The US Story Ignored by Mainstream Media


"Operation Warp Speed" developed vaccines in record time after months of public doubt.



When a French president offers public praise to the United States, it's bound to turn heads. Emmanuel Macron, who several times publicly squabbled with former President Donald Trump over the course of Trump's presidency, openly expressed admiration of the Trump administration's Herculean efforts to develop, test, manufacture and distribute a coronavirus vaccine on a national and eventually global scale. 

"The Americans did this very well," Macron told media in January. He confessed at that time that he was "very admiring" of the Trump administration's "extremely innovative model" of vaccine production.

That "innovative model" has led to an explosion in vaccine distribution. Pfizer — the manufacturer of one of two vaccines approved for use in the United States — has already distributed 65 million doses of their vaccine worldwide, and expects to be able to distribute up to two billion by the end of the year. Moderna, whose vaccine was also approved for use in the U.S., hopes to have a billion doses by the end of the year.  

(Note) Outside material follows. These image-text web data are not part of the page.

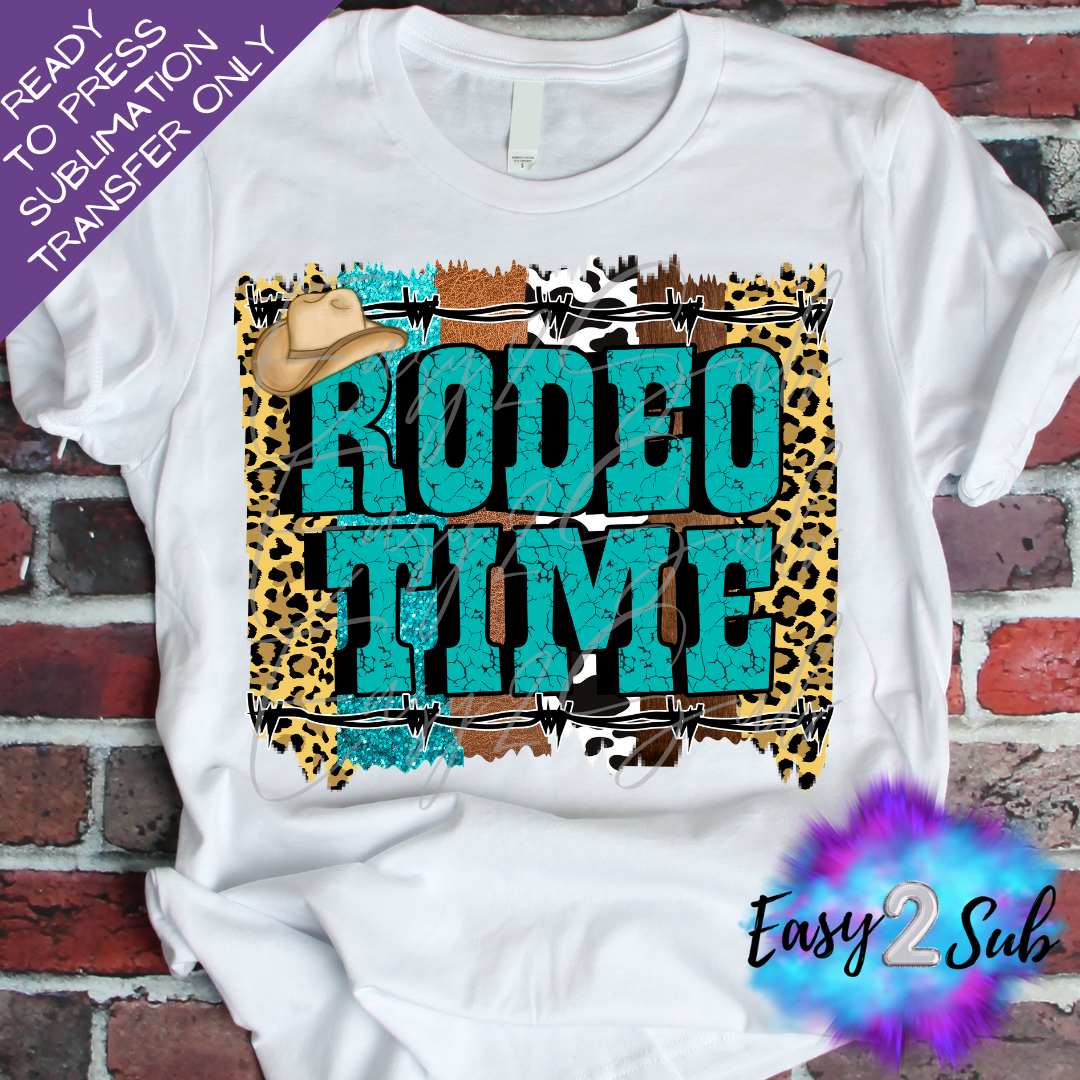 Rodeo Time Sublimation Transfer Print, Ready To Press Sublimation Transfer, Image transfer, T-Shirt Transfer Sheet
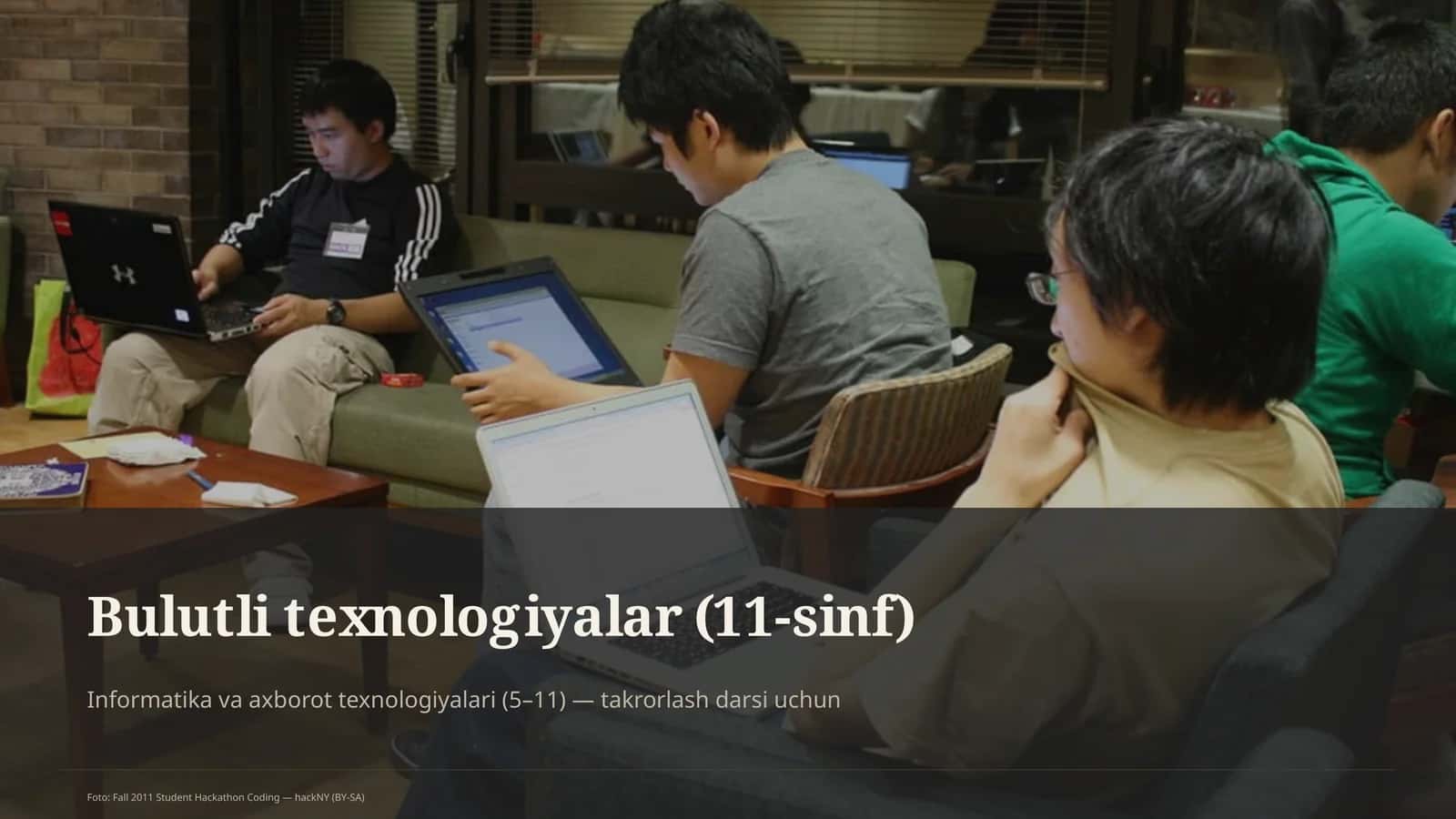 Bulutli texnologiyalar (11-sinf) 1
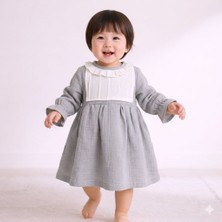 HappyKds123 Nilüfer Müslin Elbise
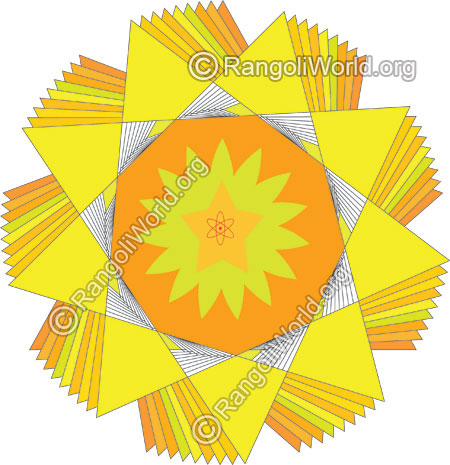 Star sun pooja rangoli jan13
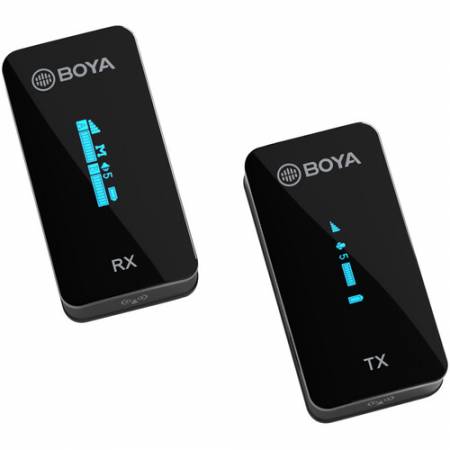 Boya BY-XM6-S1 - ultra-kompaktowy bezprzewodowy system mikrofonowy 2.4GHz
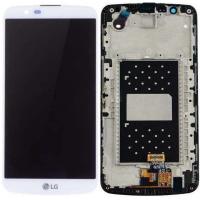 LG K10 K410 K420 K430 Touch+Lcd+Frame White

Vaccines from both companies have already been administered over 35,000,000 times in the U.S., according to CDC data. By contrast, the European Union — with a 35% larger population — had as of Friday reported roughly 12,750,000 doses administered, according to data compiled by the EU

Macron himself last month admitted that the European Union was less equipped than Washington to mobilize such a logistical effort. The European Commission, he admitted, had been called upon "to do something that isn't within its competence," in contrast to the relative proficiency of the U.S. government. 

Warp Speed was buoyed by billions of dollars in funding, the mobilization of large swaths of the federal government, a partnership with major drug companies, an aggressive development and trial schedule, and countless scientific workers, public health experts and civil servants, all in order to realize Trump's stated goal of a viable vaccine by December 2020. 

That optimism was not widely shared at the outset of the project. Even some of Trump's closest pandemic advisers at the time were dubious. Anthony Fauci, who at the outset of the pandemic was a regular presence at the White House, intimated in April of last year that a successful vaccine program might take "a year to a year and a half" to come to fruition.

The Washington Post reported that same month on significant doubt among medical experts and Trump administration officials that the vaccine would be available by the end of the year. Peter Jay Hotez, the dean for the National School of Tropical Medicine at Baylor University's College of Medicine, told the paper that a "reasonable timeline" of vaccine rollout would be the "second half" of 2021, the Post reported. 

The first non-trial COVID vaccine injection was administered in the U.S. in mid-December, five months ahead of Fauci's more optimistic timeline and nearly a year ahead of his more pessimistic estimate. Never has a vaccine been proposed, developed, tested and deployed in so short a time. The quickest vaccine ever developed was the mumps vaccine, which took four years. The coronavirus vaccine was approved for use in less than a year.

That rapid rollout has left some skeptical of the potential long-term effects of the vaccine, as have (not unexpected) reports of hundreds of deaths following administration of the medicine. Compounding concerns has been the relative novelty of the vaccines: Both Pfizer and Moderna's vaccines are mRNA-based, the first of their kind to be approved for general use. 

Public health officials have at times struggled to convince many members of the public to undergo a vaccine injection. In particular, a surprisingly high percentage of healthcare workers have been vaccine-hesitant, leading administrators to at times offer incentives such as gift certificates for workers who submit to the vaccine. 

Still, the U.S. has managed to vaccinate more than 10% of its population in just about six weeks, a number which will likely grow exponentially as supply chains solidify and production ramps up. 

National data show U.S. daily cases of COVID from the most recent wave peaked around Jan. 9 and have been declining sharply ever since; hospitalizations have also been declining sharply during that time, while deaths have been largely flat since mid-January.